Lo primero es lo primero. Condenamos y repudiamos la guerra de Rusia contra Ucrania, hacemos responsables de la agresión y del intento de ocupación territorial a Putin y a la camarilla de oligarcas que lo sustentan. Nos sumamos a la exigencia generalizada de un alto al fuego inmediato y el retorno del tema a la mesa de negociaciones, de donde nunca debió salir.
Pero, que esto sea lo primero, no debiera llevarnos a pensar que es lo único. Además de los horrores de la guerra y la crisis humanitaria que se ha desatado —y que la mayoría de los medios televisivos exaltan a más no poder—, hay que reafirmar la constatación de que nos hallamos ante una situación extremadamente compleja, atravesada por una variada multitud de factores, geopolíticos, económicos, históricos, culturales y otros.
No puede excluirse, por ejemplo, la responsabilidad de los Estados Unidos en la política de cercar a Rusia con armas ofensivas, incumpliendo los acuerdos que dieron lugar a la reunificación alemana y la posterior desintegración de la Unión Soviética. La potencia del norte pretende seguir actuando en un mundo unipolar que de hecho ya no existe, ignora el surgimiento de polos intermedios que ponen en disputa la supuesta capacidad hegemónica estadounidense. Y para sostener esa errada política cuenta con la OTAN como punta de lanza militar y con algunos dóciles peones europeos.
Europa, especialmente Alemania, necesita de gas ruso y nadie sabe a ciencia cierta el volumen del descalabro que ocasionarán no solo el cierre de las válvulas proveedoras, sino también las “sanciones” económico financieras contra el país agresor. Las consecuencias caerán tanto sobre las espaldas del pueblo trabajador ruso como sobre las de todo el pueblo trabajador europeo y del mundo entero. Sabido es que los grandes monopolios transnacionales tienen el poder y las mañas para poner a salvo sus ganancias y pasar la factura a los más débiles.
A pesar de la exacerbación del nacionalismo chovinista desde los dos lados, Rusia y Ucrania tienen mucho de qué hablar. De acuerdos y desacuerdos. De tramos históricos que recorrieron juntas, como la heroica resistencia a la invasión del nazismo en la Segunda Guerra Mundial o de la tragedia de Chernóbil. Del todavía incompleto desarme nuclear. De las no pequeñas poblaciones rusas que viven en territorios en disputa, y de algunos millones de ucranianos y ucranianas que viven en Rusia. De lo mutuamente beneficiosas que podrían ser las relaciones de cooperación entre ambos países. En fin, por experiencia propia, ambas saben que una ocupación territorial violenta genera ahora una “guerra de todo el pueblo” imposible de ser derrotada ni por los ejércitos más poderosos del mundo (¡Recuerden Vietnam!). Y los rusos lo saben por doble partida, pues tuvieron su propio Vietnam cuando quisieron implantar, a punta de tanques y cañones, un proceso de supuesta modernización progresista en Afganistán.
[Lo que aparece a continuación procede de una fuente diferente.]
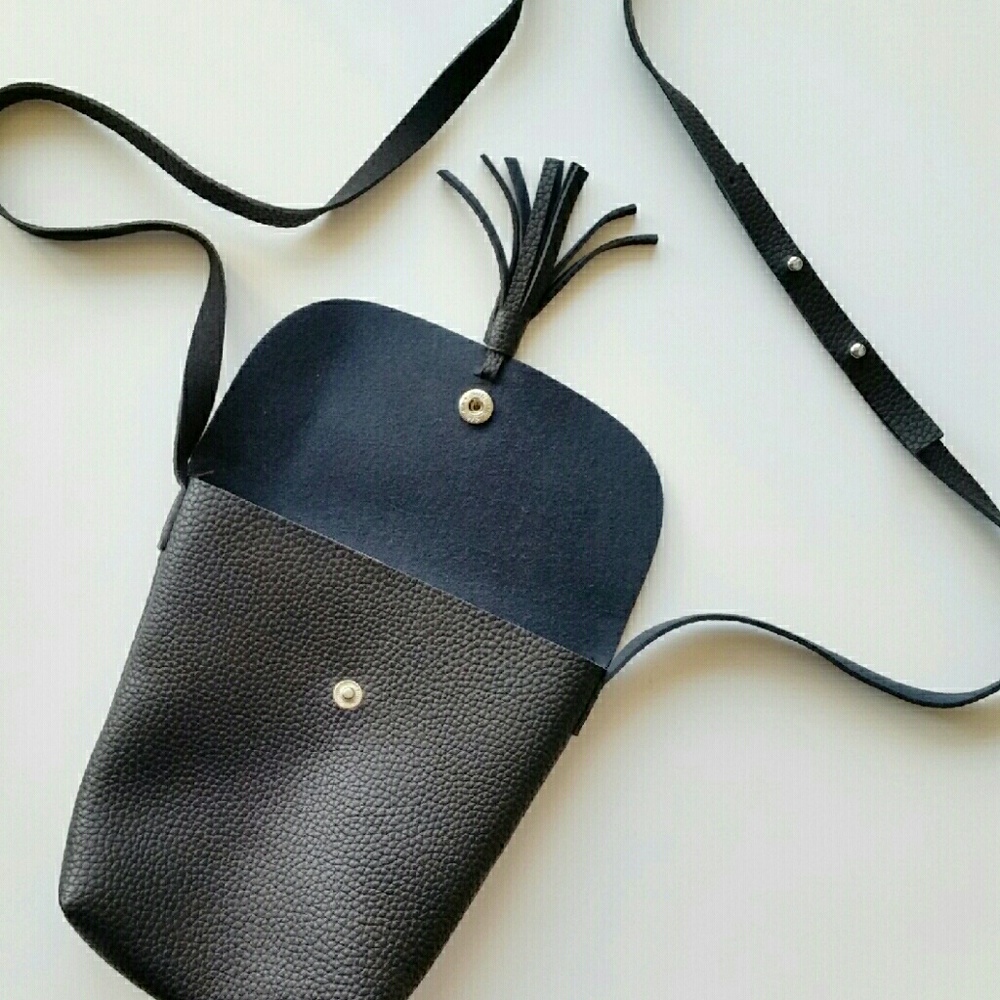 Vegan Leather Tassel Crossbody Bag - Picture 3 of 4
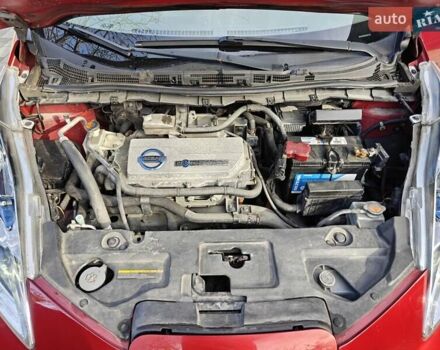 Червоний Ніссан Ліф, об'ємом двигуна 0 л та пробігом 127 тис. км за 4250 $, фото 25 на Automoto.ua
Y que no se autoengañen nuestros nostálgicos o desprevenidos. No funciona el esquema simplista de que el enemigo de tu enemigo es automáticamente tu amigo. En la práctica, Putin está demostrando que puede ser más amigo de Trump y Bolsonaro que de Alberto Fernández o Evo Morales.
Condenar la agresión, venga de donde venga, debiera ser el punto de partida de la posición de nuestro país, entre otras razones, porque este 14 de febrero los bolivianos recordamos, como todos los años, que mediante la agresión se nos arrebató nuestro acceso al mar el año fatídico de 1879.
Carlos Soria Galvarro es periodista.
Querido Carlos, siempre tan efectivo en tus comentarios y pensares. Coincido con todo, pero creo que falta el hecho de la UE y USA de tentar a Ucrania en enfrentarse al Oso para aprovecharse de su inocencia. Al final para Rusia es seguridad, para la UE es eliminar el competidor del mercado, para Ucrania ser la carne de cañón.